A short video showed a column of captured trucks with the white Taliban flag but still bearing their government markings moving along a highway.
In the only confirmed fighting since the fall of Kabul on August 15, anti-Taliban forces took back three districts in the northern province of Baghlan, bordering Panjshir, last week.
However, Massoud said he had not organised the operation which he said had been carried out by local militia groups reacting to “brutality” in the area.
Massoud called for an inclusive, broad-based government in Kabul representing all of Afghanistan’s different ethnic groups and said a “totalitarian regime” should not be recognised by the international community.
Meanwhile, Khalil Ur-Rahman Haqqani, a leading Taliban figure currently in charge of security for Kabul, has echoed the group’s claims that “all Afghans” should feel safe under their Islamic Emirate, and that a “general amnesty” has been granted across the nation’s 34 provinces.
Speaking to Al Jazeera on Sunday, Haqqani, whose associates are also taking a leading role in establishing security in the capital, said the Taliban is working to restore order and safety to a nation that has seen more than four decades of war.
“If we can defeat superpowers, surely we can provide safety to the Afghan people,” Haqqani, who is also a veteran of the Afghan-Soviet war, said.
But many Afghans are sceptical that Haqqani – a leader of the Haqqani Network, known to be the most brutal and violent group associated with the Taliban and a man labelled a “terrorist” by the United States and the United Nations – will bring peace and security to Afghanistan.
Victoria Fontan, professor of peace studies at the American University of Afghanistan, told Al Jazeera she had heard from staff and students in Kabul who are worried about searches by the Taliban in their neighbourhoods.
“There have not been any direct threats, but there have been house searches being carried out to figure out who is working for whom and who had links with coalition forces,” she said, speaking from Paris.
“And then people are placed on a list and they are afraid that when the eyes of the international community are elsewhere, there is going to be the beginning of a massive wave of repercussions against those people.”
Meanwhile, thousands of people continued to mass at Kabul airport on Sunday, desperately hoping to flee the Taliban rule.
The Taliban fired in the air and used batons to force people to form orderly queues outside Kabul airport, witnesses said, a day after the British army said seven people were killed in a crush at the gates.
A NATO official said at least 20 people have died in the past seven days in and around the airport. Some were shot and others died in stampedes, witnesses have said.
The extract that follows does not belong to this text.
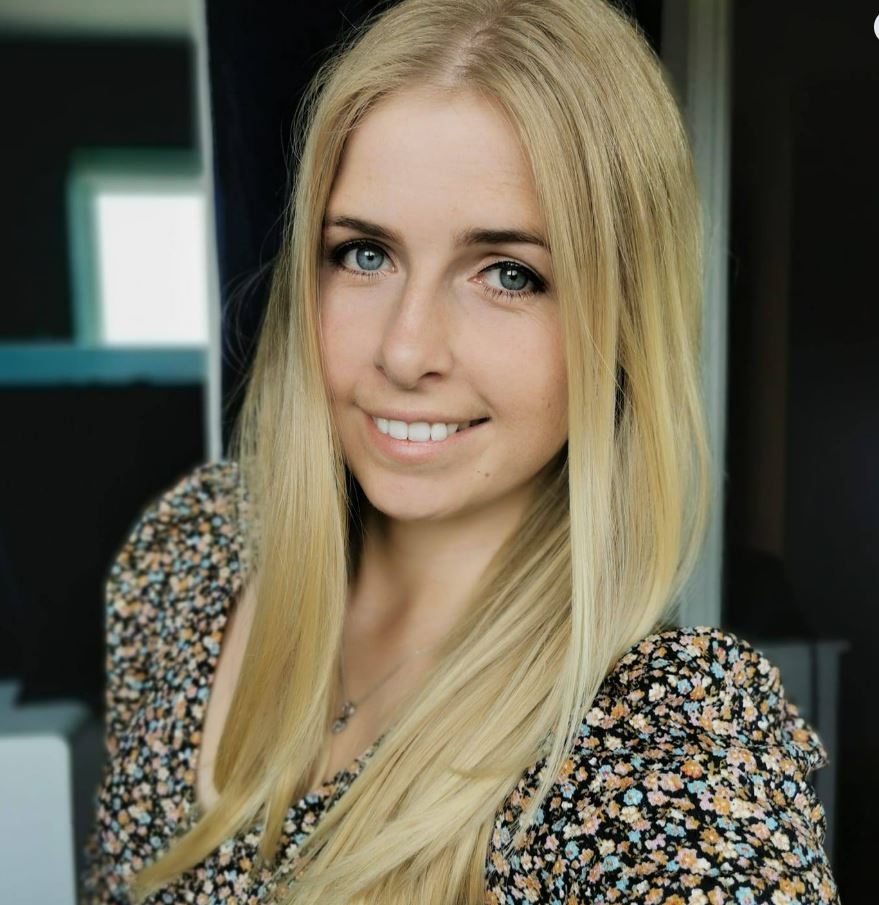 Portrait of a young woman with long blonde hair.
On Sunday, there were no serious injuries as gunmen beat back the crowds, according to witnesses, and Washington said it was now able to get large numbers of Americans into the airport.
President Joe Biden said on Sunday the US-led evacuation of Americans, at-risk Afghans and others from the Kabul airport accelerated this weekend, although it remains vulnerable to threats posed by the ISIL (ISIS) group.
Biden said discussions are under way among military officials about potentially extending the airlift beyond Biden’s August 31 deadline. “Our hope is we will not have to extend, but there are discussions,” he said, suggesting the possibility that the Taliban will be consulted.
Earlier on Sunday, British Prime Minister Boris Johnson called a virtual meeting of leaders of the G7 wealthy nations for Tuesday to “ensure safe evacuations, prevent a humanitarian crisis and support the Afghan people”.
The US on Sunday ordered six commercial airlines to help transport people after their evacuation from Afghanistan.
The Pentagon said it called up 18 commercial aircraft from United Airlines, American Airlines, Delta Air and others to carry evacuees from temporary locations, including a dozen countries across Europe, the Middle East and Central Asia.
Army Major General William Taylor said in the past week the US has evacuated 17,000 people, including 2,500 Americans, from Kabul.
The United Kingdom’s ambassador to Afghanistan said British authorities had managed to evacuate more than 5,000 people.
In a statement on Twitter, Laurie Bristow said the “huge effort” to move evacuees out of Afghanistan is “gathering pace” but that there is still “a huge amount of work to do”.
Australia ran four flights into Kabul on Saturday, evacuating more than 300 people, Prime Minister Scott Morrison said.
The Netherlands said it would increase its military presence in Afghanistan to help evacuation efforts.